◆ Your objective ◆
Please set down only the lines from the one containing "TGRA Texas Tradition" through the end of the entries below, exactly, minus any pictures.

◆ Data supplied ◆
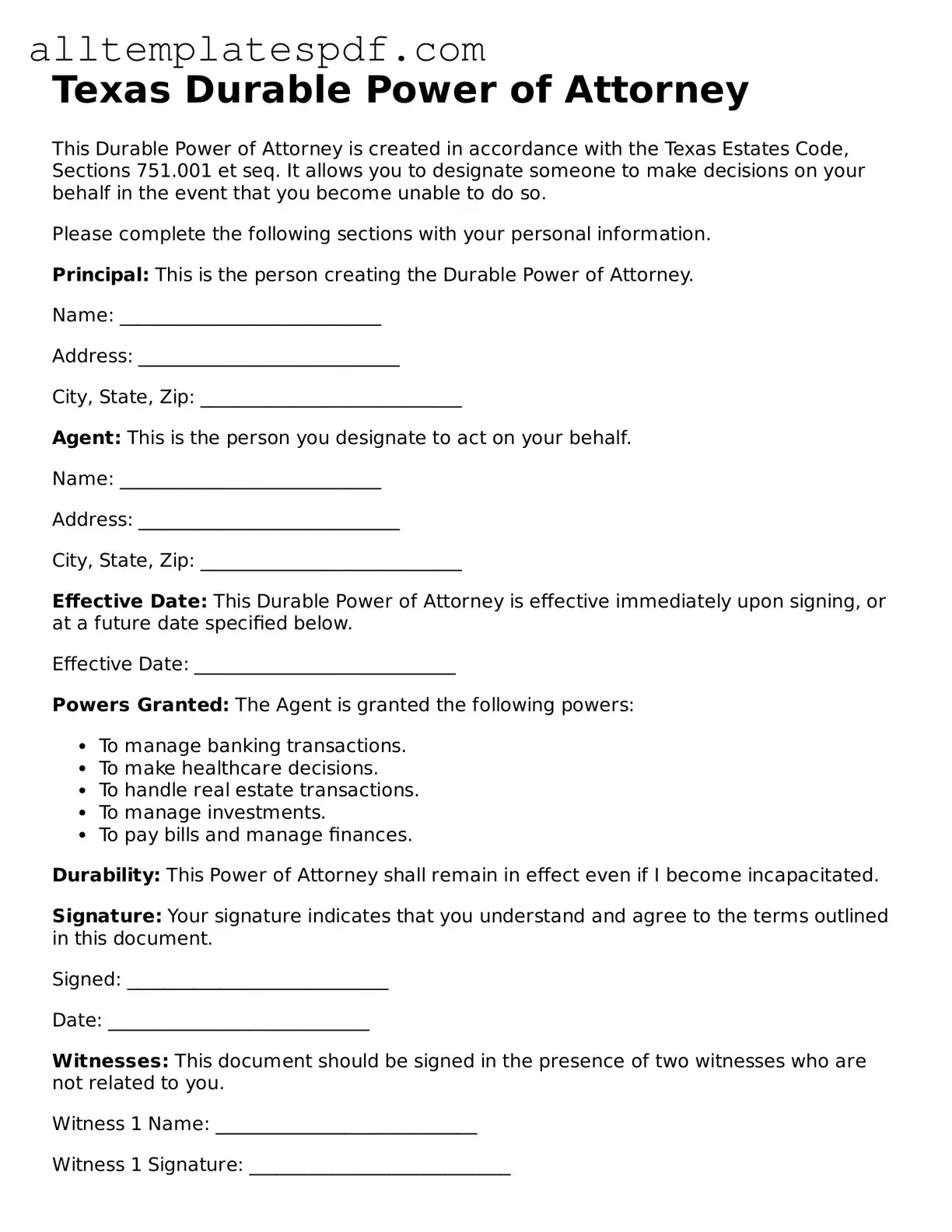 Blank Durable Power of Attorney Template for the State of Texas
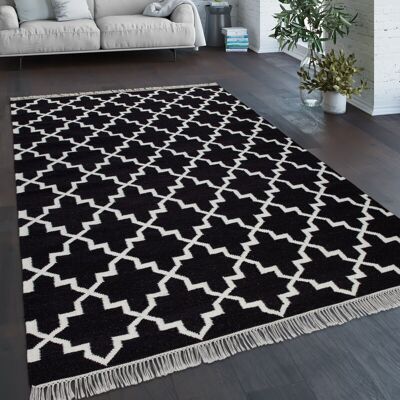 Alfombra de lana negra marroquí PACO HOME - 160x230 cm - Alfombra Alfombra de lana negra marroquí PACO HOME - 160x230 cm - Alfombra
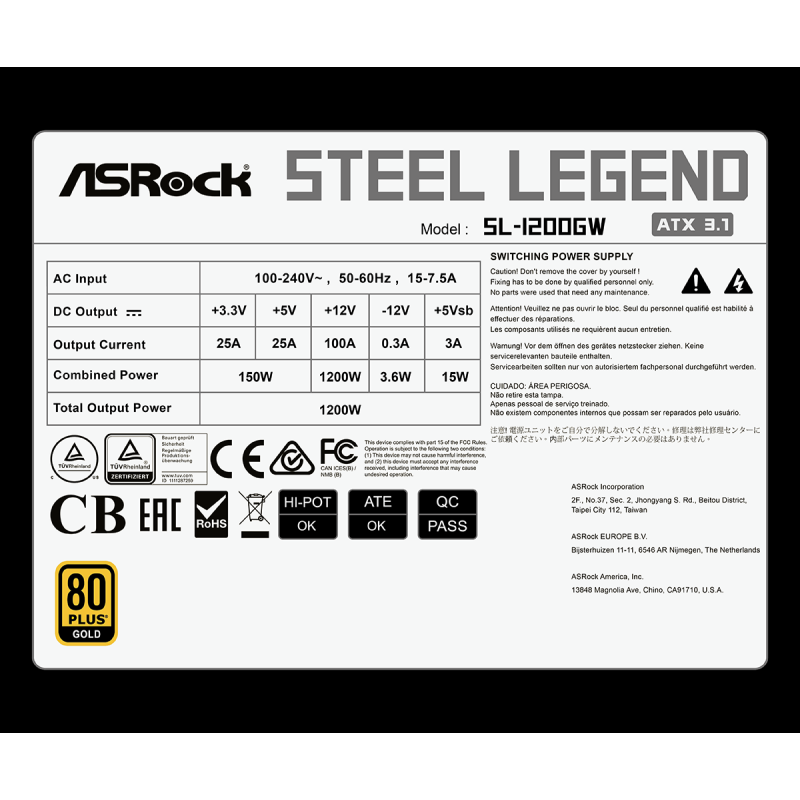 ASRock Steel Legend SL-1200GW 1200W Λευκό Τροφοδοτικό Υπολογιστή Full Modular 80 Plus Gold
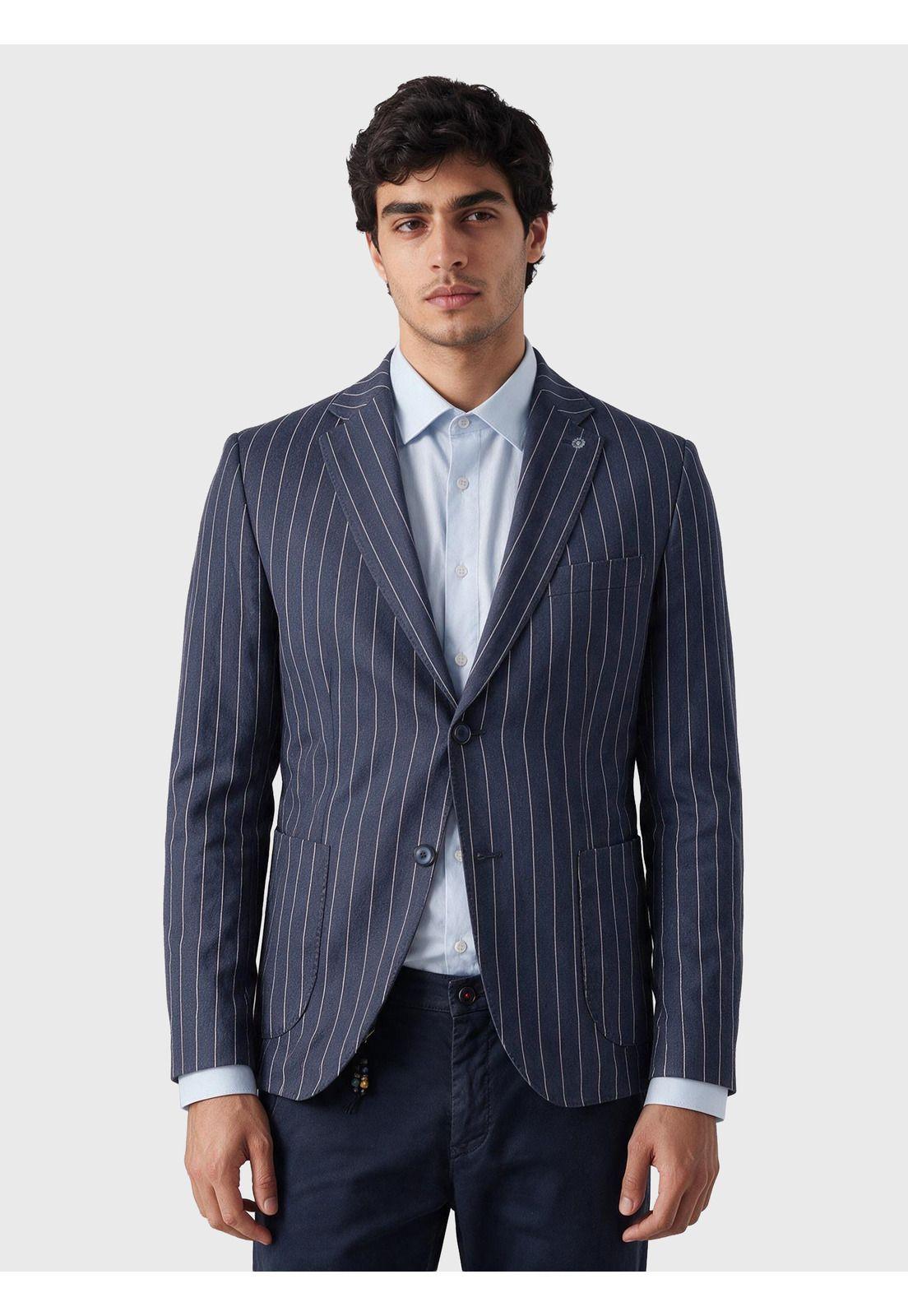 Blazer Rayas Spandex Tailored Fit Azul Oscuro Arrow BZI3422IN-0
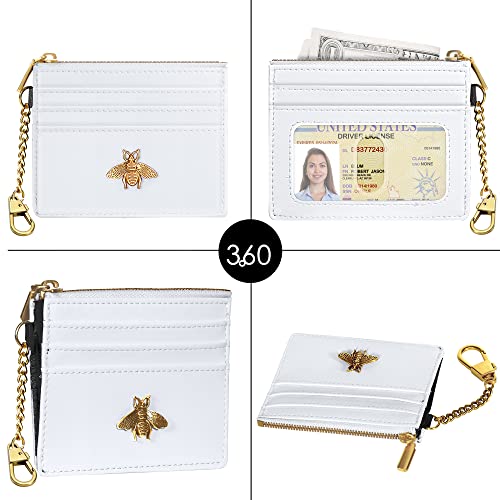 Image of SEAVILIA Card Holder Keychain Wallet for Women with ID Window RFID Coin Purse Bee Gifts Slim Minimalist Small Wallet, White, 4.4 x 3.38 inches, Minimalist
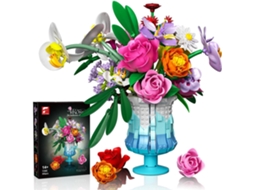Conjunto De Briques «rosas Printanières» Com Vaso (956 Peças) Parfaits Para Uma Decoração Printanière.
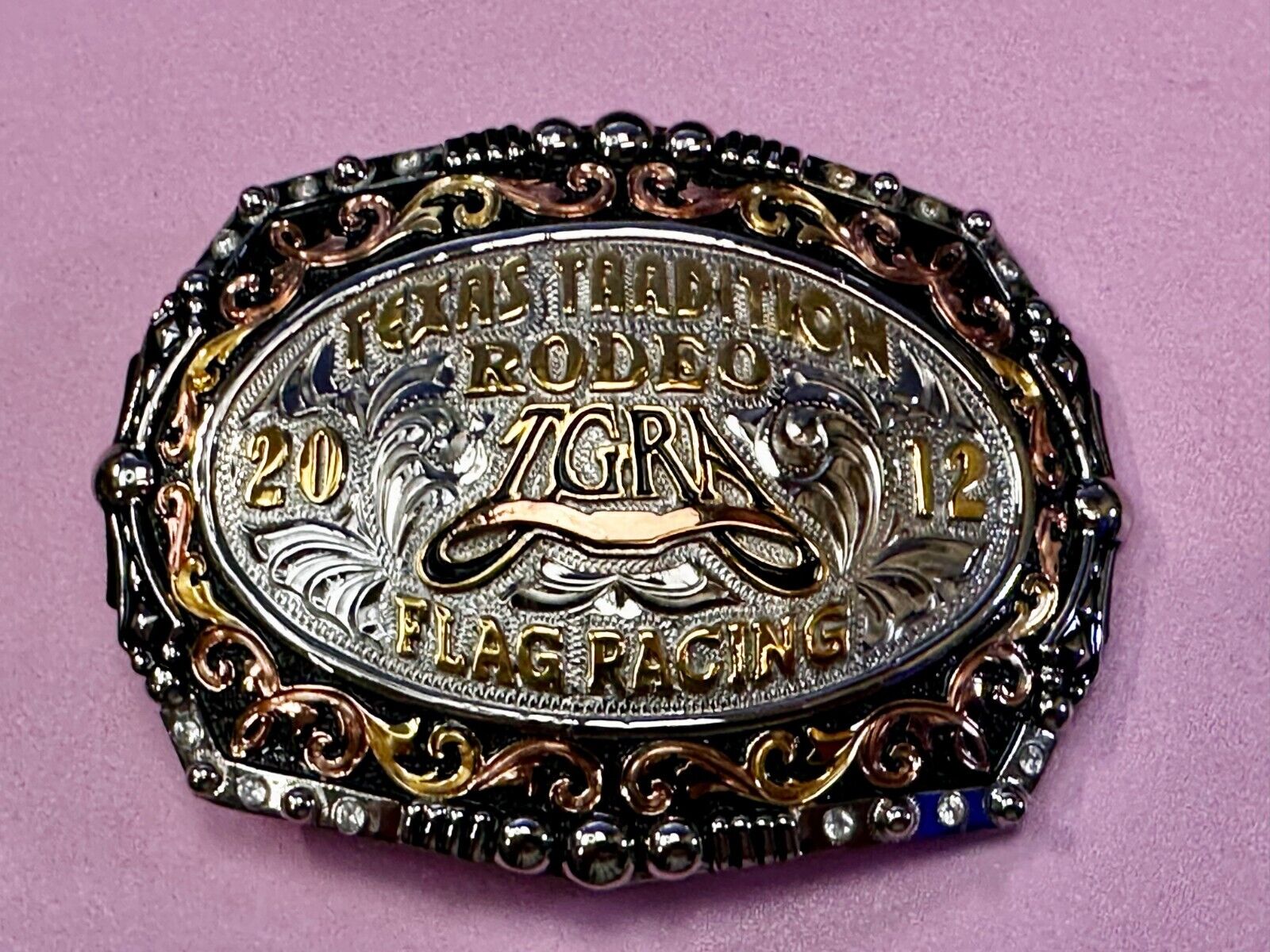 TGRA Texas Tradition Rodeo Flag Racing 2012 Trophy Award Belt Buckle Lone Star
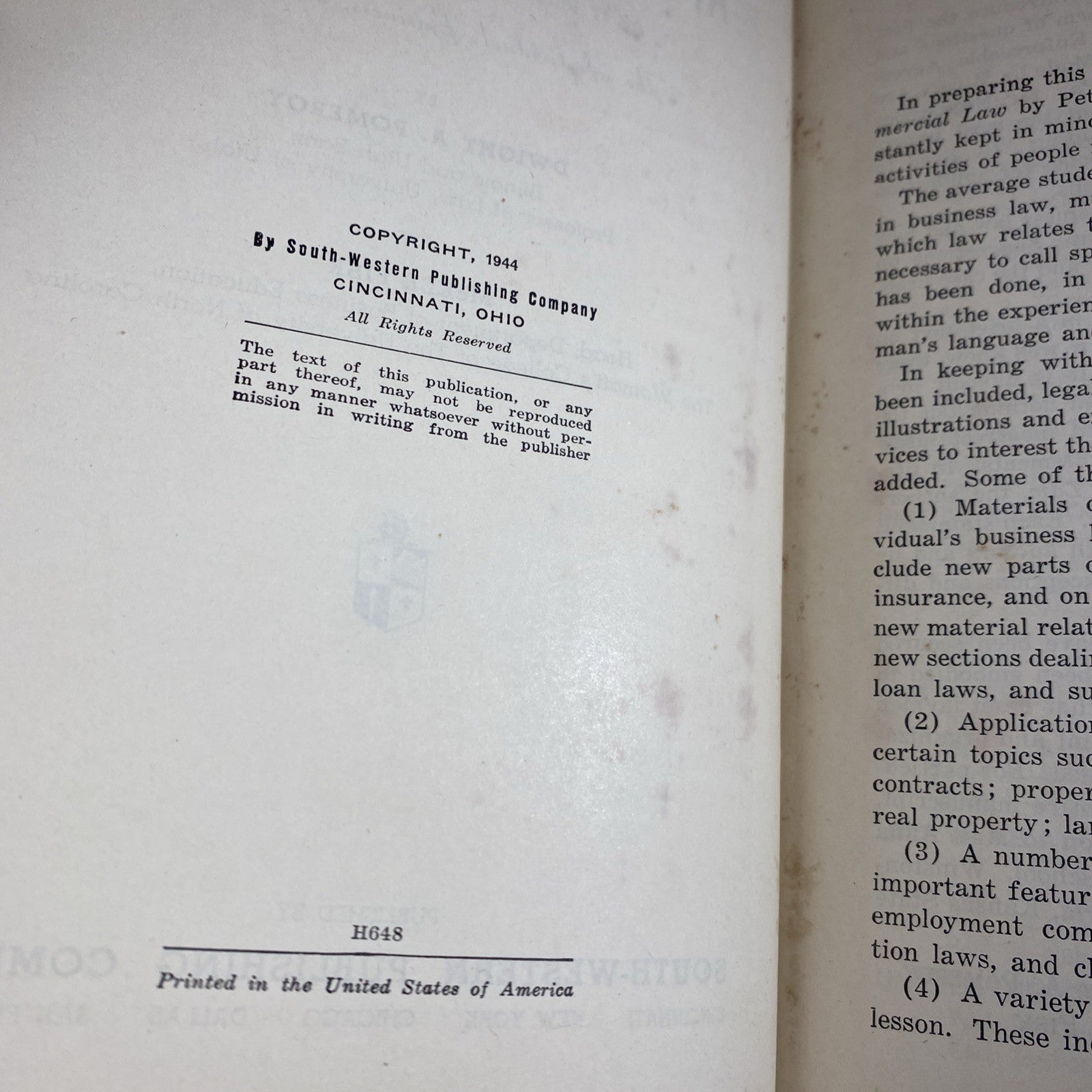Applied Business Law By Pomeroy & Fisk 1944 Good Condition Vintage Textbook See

◆ Solution for this exercise ◆
 TGRA Texas Tradition Rodeo Flag Racing 2012 Trophy Award Belt Buckle Lone Star
Applied Business Law By Pomeroy & Fisk 1944 Good Condition Vintage Textbook See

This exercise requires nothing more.